President Trump is governing as though he will never answer to voters again, making high-stakes bets that his party will have to pay for long after he leaves office. With approval ratings sinking to second-term lows, his signature initiatives are calcifying into political liabilities that could haunt Republicans for years.
The economic damage is already visible. A Fox News poll shows Democrats now lead Republicans on handling the economy by 4 percentage points, the first time the GOP has trailed on its strongest political issue since 2010. As gas prices climb past $4 a gallon, Trump has told Americans to expect higher costs for an unspecified stretch of time to achieve a nuclear-free Iran. A Reuters/Ipsos survey found 78% of voters call gas prices a "very big concern," with 77% blaming Trump directly.
Virginia has become the laboratory for two Trump initiatives unraveling simultaneously. On Tuesday, voters approved a redistricting referendum that will flip the state's congressional map from a 6-5 Democratic edge to 10-1. That erases the five-seat gerrymander Trump engineered in Texas last summer, the move that sparked a nationwide redistricting arms race. Meanwhile, the aftershocks from Edom, Musk's federal workforce slash, continue rippling through the state. Nearly 300,000 workers remain fired from the cost-cutting initiative, with many concentrated in Virginia, where Democrats won full control of state government in November and weaponized that power to redraw districts against Republican interests.
Trump's tariff agenda has become an anchor rather than a sail. He marketed "Liberation Day" tariffs as an industrial Renaissance strategy that would resurrect American manufacturing, secure favorable trade deals, and fill federal coffers with revenue. Instead, the Supreme Court struck down his tariffs, crippling his negotiating leverage and forcing the government to begin refunding more than $166 billion in illegal duties. Trump lashed out at the Court on Friday, suggesting that one additional sentence blocking refunds could have saved hundreds of billions.
The fracturing over Iran policy signals deeper Republican trouble ahead. Tucker Carlson issued an extraordinary apology this week for years of Trump advocacy. Marjorie Taylor Greene and Alex Jones have joined a growing chorus of MAGA-world dissidents breaking ranks over the war. The anti-war coalition that delivered Trump his 2024 victory, young voters and "no forever wars" advocates among them, is fragmenting as military escalation continues.

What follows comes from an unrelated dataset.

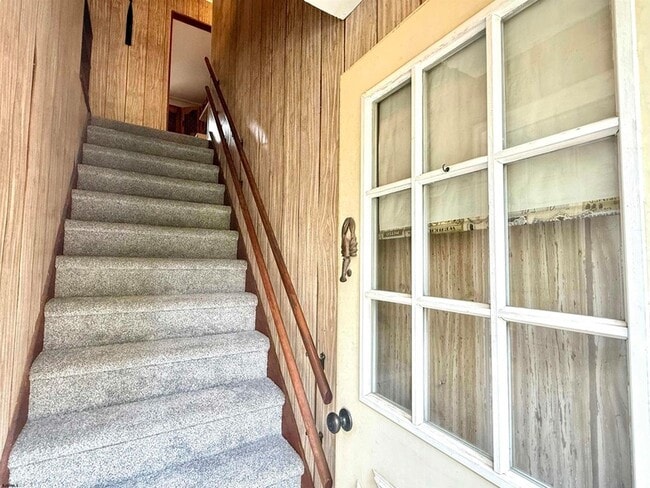 Photo - 908 Morris Ln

The White House countered with a statement touting that Trump's federal workforce reduction has cut employment to 1960s levels and that tariffs have reduced the trade deficit and spurred manufacturing investment. A spokesperson added that Trump's diplomatic efforts with Iran would ultimately prove vindicated.
Republicans face a longer shadow than the midterms. Vice President Vance, the frontrunner to become the next GOP nominee, carries the worst approval rating of any VP at this stage of a term. Trump has shattered institutional norms across 15 months, constructing what amounts to an imperial presidency. Democrats will inherit that transformed executive power the next time they control Washington, and nothing suggests they will hesitate to deploy it.
Author James Rodriguez: "Trump is cashing checks his party will have to cover for a decade."